# Dudas Motores a pasos y sensores de distancia



## albabug (Feb 27, 2007)

Hola a todos, les comento que entre mis planes actuales quiero realizar un sistema para una máquina que haga unos cortes a unos rollos de papel.

He pensado hacerlo en principio con un microcontrolador (auxiliado de un LCD y teclado sencillo), motores a pasos y sensores de distancia.

Les platico mas sobre mi plan: Al montar el rollo de papel, un sensor medirá la distancia y el microcontrolador moverá con el motor a pasos la posición de la sierra (que está apoyada en un eje y la posición dada por un tornillo sinfin o gusano, como le gusten llamar). Entonces en cuanto los 2 sensores marquen la misma señal (pienso poner un OpAmp en modo comparador, alguna idea del mejor y mas preciso?) ahi sabrá el microcontrolador que ya está en el "origen".
De ahí, dada una relación mecánica paso-distancia, el microcontrolador dará las señales al motor a pasos para que mueva la sierra al punto dado por el teclado y entonces con otro motor a pasos, hará una secuencia para bajar la sierra lentamente (a distintas velocidades según el gramaje del rollo. El sistema mecánico es similar, engrane-tornillo sinfin).

Asi parece ser sencillo, sin embargo tengo algunos problemas, y es que he ido a lugares donde venden equipo industrial de segunda mano y he encontrado unos motores a pasos interesantes, sin embargo, no tengo 100% clara la idea en cuanto a la potencia-torque que puedo necesitar. Encontré un motor muy grande, casi como bomba de agua o incluso mas grande, sin embargo me desconcierta que en las especificaciones, usa menos corriente y menos voltaje que otro mas pequeño que marca 134W.
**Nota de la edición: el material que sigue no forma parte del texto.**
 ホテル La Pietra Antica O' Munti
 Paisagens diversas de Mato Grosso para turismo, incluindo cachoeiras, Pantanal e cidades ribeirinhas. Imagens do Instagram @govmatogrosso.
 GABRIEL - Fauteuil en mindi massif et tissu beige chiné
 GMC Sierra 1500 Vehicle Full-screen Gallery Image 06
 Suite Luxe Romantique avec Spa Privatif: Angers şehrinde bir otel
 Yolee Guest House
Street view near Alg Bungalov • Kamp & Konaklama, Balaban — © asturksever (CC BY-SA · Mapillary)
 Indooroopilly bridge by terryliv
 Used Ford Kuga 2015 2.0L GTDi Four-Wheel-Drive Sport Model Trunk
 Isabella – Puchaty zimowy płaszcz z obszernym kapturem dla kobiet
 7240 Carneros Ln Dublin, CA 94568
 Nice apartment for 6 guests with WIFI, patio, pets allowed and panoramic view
El motor grande marca es bipolar de 3.6V - 6.1A y 840 oz-in, mientras el motor mas pequeño es unipolar y marca 8.1A -35V y 134W. En este caso tengo la duda de como poder interpretar realmente la relacion, pues una está dada en torque y la otra en Watts (que ademas no coincide pues 8.1Ax35V no es 134W).

Bueno, aparte de eso, pensando en usar un motor de bajo voltaje, he pensado la opción de para evitar hacer una fuente de poder, usar una de computadora de 300 o 400 W, pues esas te proveen facilmente hasta de 15A para la salida de 5V sin problema, y si uso el motor de 35V entonces ya se me complica mas, alguna sugerencia al respecto?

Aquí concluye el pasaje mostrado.